About Julia's development policy regarding Windows

Again, it is not me but the community that should decide what is part of the core functionality. I don’t understand why the community should not do this, I think Julia is a community project. There is an annual conference, you can held even elections there, form a governing body for the Julia project or whatever. Many projects have such a structure, I like for example how KDE and the Wikipedia are governed.

I read the announcement:

New option --trim creates smaller binaries by removing code that was not proven to be reachable from entry points. Entry points can be marked using Base.Experimental.entrypoint (#55047).

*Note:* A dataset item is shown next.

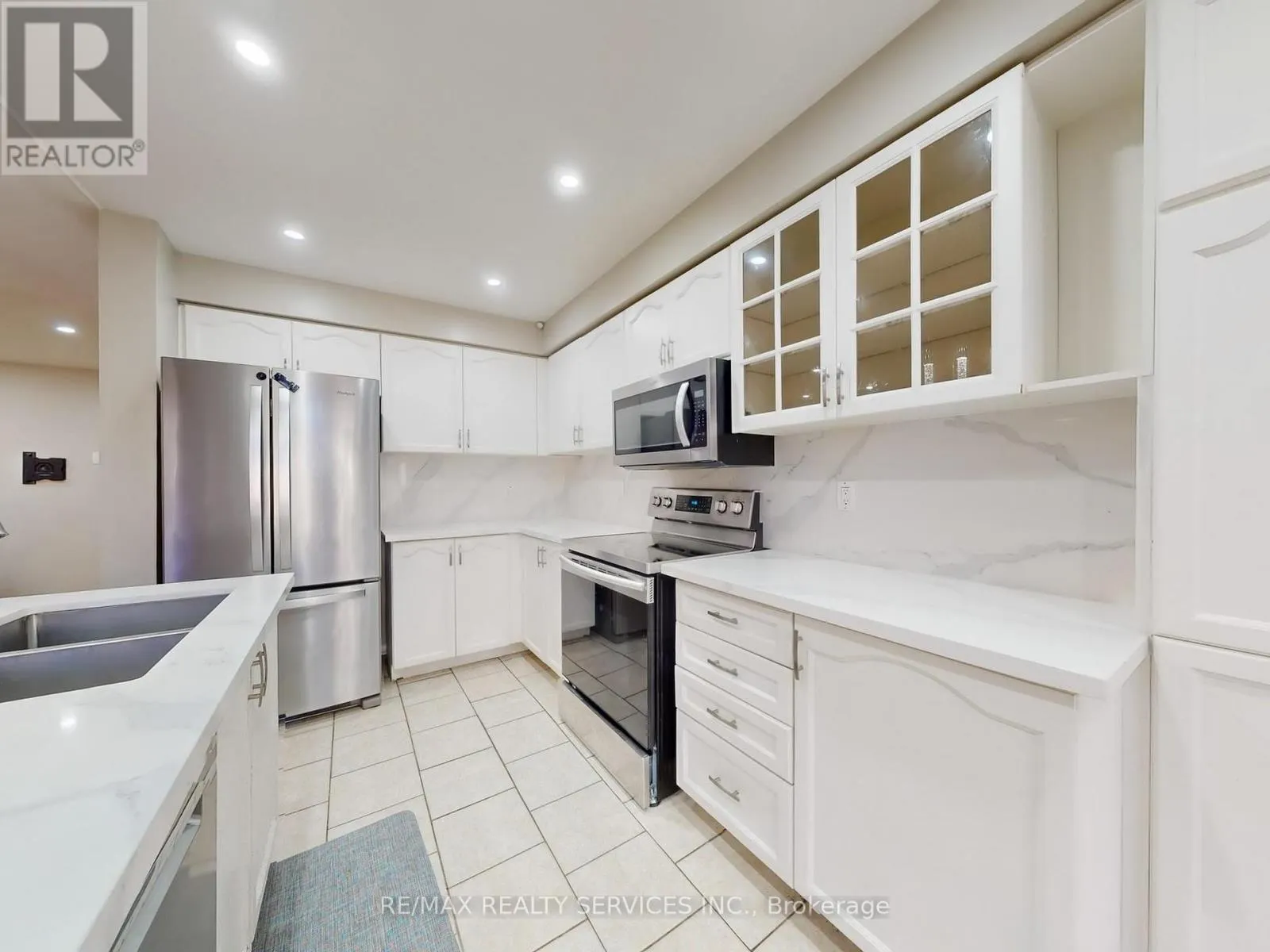 MAIN & 2ND FLOOR - 3231 APRICOT STREET S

This thread is about the development policy. And my opinion is that the development should have all the time all 3 major OSes in mind. A feature that is announced as new should have been tested under all OSes - directly when the PRs are reviewed and merged. So after a merge the new feature should work under all OSes. Sure, it might have bugs, but it should work somehow, or call it “basically”. --trim is an example that does not work at all under Windows in the beta1.
And when it is known that a new feature does not work under all 3 OSes, then there should be a note/warning in the release notes about this.
One should also consider features that are experimental not to announce as if they will become stable features with the final release. And I got the impression that --trim will not be stable when 1.12 final will be released.

I also stated that my intention is not to blame anybody, but to give an impulse that the development policy is changed/improved to have all the time different OSes in mind.

Yes and when I started to give Julia a try, I tried Juliaup. That time the Download page gave me the impression that I have to use the Microsoft store, which is not possible (many companies have disabled the store for legal reasons).

So I directly downloaded Juliaup, but on executing the Juliaup.exe nothing happened.
And this is another example on how a changed policy would help. I simply did not undestand that I have to execute juliaup from a console.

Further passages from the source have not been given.